The Home Office has failed to address previously identified weaknesses in the system to take proceeds of crime off criminals, leaving just 10% of confiscation orders collectable, it said.
Among the recommendations are that the Home Office explain “"why so much of the accumulated debt is unlikely to be collected, highlight what is collected against recent confiscation orders, and set out how it is tackling uncollected debt to show that crime does not pay.”
It is also calling on the government department to set out clearly "how the objectives for confiscation orders should be prioritised and what constitutes success,” by the end of September this year.
The government has failed to address previous concerns over the confiscation orders “in spectacular fashion,” claimed Meg Hillier MP, chair of the PAC.
The “meagre returns” from the use of the orders “do nothing to alleviate public concerns about crime, nor to encourage the perception that justice is being done,” she said.
Home Office permanent secretary Mark Sedwill, who was grilled during evidence sessions before the PAC earlier this year, is under mounting pressure to produce results when it comes to confiscation orders.
A previous PAC report, in 2014, found that the government was collecting the grand total of 26 pence in every £100 of criminal proceeds generated in that year, and made a series of recommendations.

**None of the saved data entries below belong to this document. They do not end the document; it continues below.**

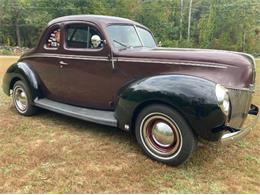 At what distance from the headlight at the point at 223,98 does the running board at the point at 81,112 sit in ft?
5.14

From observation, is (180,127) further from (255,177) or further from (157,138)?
(255,177)

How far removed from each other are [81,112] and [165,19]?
39.7 metres

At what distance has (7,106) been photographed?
668 centimetres

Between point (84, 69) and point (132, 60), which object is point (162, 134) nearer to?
point (132, 60)

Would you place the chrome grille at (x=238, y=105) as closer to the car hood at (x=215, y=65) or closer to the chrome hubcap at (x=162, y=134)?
the car hood at (x=215, y=65)

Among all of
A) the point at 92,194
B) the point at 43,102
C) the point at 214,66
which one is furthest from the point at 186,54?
the point at 43,102

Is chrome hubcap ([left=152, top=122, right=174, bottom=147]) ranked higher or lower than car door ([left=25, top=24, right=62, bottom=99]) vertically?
lower

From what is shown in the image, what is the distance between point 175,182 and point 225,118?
0.95 meters

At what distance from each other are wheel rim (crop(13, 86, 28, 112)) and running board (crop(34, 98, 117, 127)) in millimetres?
386

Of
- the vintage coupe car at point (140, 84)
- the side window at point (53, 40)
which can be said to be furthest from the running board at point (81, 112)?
the side window at point (53, 40)

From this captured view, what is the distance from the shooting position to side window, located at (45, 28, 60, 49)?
5.35m

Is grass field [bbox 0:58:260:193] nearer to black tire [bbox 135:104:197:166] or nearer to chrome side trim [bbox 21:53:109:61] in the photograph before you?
black tire [bbox 135:104:197:166]

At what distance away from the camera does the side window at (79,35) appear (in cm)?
487

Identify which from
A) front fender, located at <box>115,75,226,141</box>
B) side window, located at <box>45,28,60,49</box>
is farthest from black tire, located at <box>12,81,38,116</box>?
front fender, located at <box>115,75,226,141</box> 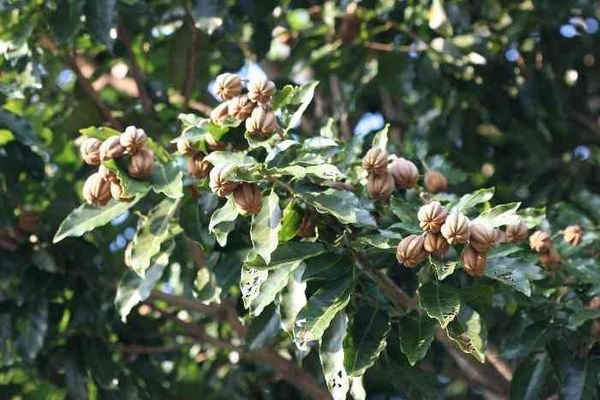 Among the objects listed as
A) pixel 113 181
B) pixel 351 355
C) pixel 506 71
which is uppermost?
pixel 113 181

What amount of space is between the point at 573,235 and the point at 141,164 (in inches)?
34.0

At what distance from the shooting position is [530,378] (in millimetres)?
2230

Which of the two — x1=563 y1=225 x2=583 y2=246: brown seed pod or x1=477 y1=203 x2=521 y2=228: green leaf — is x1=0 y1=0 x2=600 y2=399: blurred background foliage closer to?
x1=563 y1=225 x2=583 y2=246: brown seed pod

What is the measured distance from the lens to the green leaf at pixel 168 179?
204 cm

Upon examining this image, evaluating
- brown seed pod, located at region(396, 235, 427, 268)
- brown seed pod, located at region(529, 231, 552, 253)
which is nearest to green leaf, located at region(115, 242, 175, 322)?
brown seed pod, located at region(396, 235, 427, 268)

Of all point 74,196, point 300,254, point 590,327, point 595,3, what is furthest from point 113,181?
point 595,3

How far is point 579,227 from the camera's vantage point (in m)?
2.45

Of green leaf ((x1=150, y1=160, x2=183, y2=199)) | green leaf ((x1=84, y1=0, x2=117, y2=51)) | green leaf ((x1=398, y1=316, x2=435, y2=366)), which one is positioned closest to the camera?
green leaf ((x1=398, y1=316, x2=435, y2=366))

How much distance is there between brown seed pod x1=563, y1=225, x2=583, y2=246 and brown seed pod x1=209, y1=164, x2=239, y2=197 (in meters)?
0.77

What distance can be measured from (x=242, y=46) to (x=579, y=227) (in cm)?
104

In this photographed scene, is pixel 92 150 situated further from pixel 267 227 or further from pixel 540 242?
pixel 540 242

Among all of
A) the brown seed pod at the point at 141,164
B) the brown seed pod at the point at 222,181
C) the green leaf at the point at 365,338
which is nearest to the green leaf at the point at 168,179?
the brown seed pod at the point at 141,164

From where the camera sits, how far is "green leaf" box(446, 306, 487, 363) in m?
1.91

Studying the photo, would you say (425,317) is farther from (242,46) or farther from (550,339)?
(242,46) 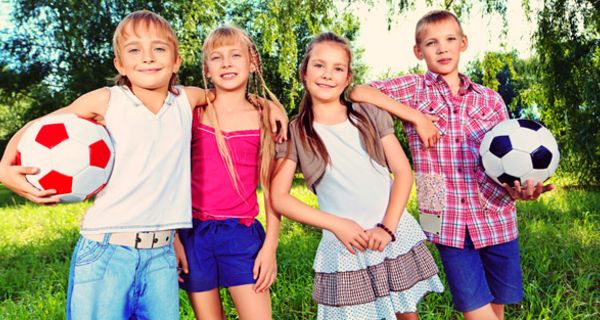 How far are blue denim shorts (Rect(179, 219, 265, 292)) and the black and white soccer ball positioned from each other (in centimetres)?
106

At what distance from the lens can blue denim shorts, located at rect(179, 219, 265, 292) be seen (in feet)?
6.93

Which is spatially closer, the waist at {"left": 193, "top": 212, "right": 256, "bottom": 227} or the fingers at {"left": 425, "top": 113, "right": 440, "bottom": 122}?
the waist at {"left": 193, "top": 212, "right": 256, "bottom": 227}

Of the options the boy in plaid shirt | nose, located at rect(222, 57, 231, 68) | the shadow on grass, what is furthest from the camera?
the shadow on grass

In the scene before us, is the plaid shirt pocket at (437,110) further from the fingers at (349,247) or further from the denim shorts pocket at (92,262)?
the denim shorts pocket at (92,262)

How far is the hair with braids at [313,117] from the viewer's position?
213 cm

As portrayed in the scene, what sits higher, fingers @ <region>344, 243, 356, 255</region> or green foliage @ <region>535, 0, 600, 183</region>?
green foliage @ <region>535, 0, 600, 183</region>

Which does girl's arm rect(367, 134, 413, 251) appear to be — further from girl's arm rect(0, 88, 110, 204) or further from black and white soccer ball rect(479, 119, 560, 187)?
girl's arm rect(0, 88, 110, 204)

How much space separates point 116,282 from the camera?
1.84m

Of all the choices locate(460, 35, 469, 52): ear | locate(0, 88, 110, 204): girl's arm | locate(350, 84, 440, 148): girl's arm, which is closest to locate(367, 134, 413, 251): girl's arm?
locate(350, 84, 440, 148): girl's arm

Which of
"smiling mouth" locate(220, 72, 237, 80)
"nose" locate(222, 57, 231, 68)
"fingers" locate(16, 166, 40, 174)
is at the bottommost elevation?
"fingers" locate(16, 166, 40, 174)

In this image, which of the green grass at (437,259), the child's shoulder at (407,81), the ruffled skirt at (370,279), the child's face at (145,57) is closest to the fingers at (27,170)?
the child's face at (145,57)

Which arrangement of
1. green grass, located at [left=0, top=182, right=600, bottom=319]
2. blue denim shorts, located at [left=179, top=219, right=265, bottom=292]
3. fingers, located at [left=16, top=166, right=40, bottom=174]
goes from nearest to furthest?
fingers, located at [left=16, top=166, right=40, bottom=174] < blue denim shorts, located at [left=179, top=219, right=265, bottom=292] < green grass, located at [left=0, top=182, right=600, bottom=319]

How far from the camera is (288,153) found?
2160 mm

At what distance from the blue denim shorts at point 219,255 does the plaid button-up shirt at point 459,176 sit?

However, a report by the National Audit Office earlier this year echoed the concerns and stated that the changes needed had yet to happen.
In a statement to CSW, a Home Office spokesperson said: “The UK Government seized over £1.2 billion pounds from criminals between April 2010 and March 2016, and hundreds of millions more has been frozen and put beyond the reach of these offenders.”
There have been “significant reforms” such as creating new “asset confiscation enforcement teams” and introducing longer prison sentences for those who don't repay their orders.
“We will consider the recommendations made by the Public Accounts Committee and report back in due course,” the spokesperson added.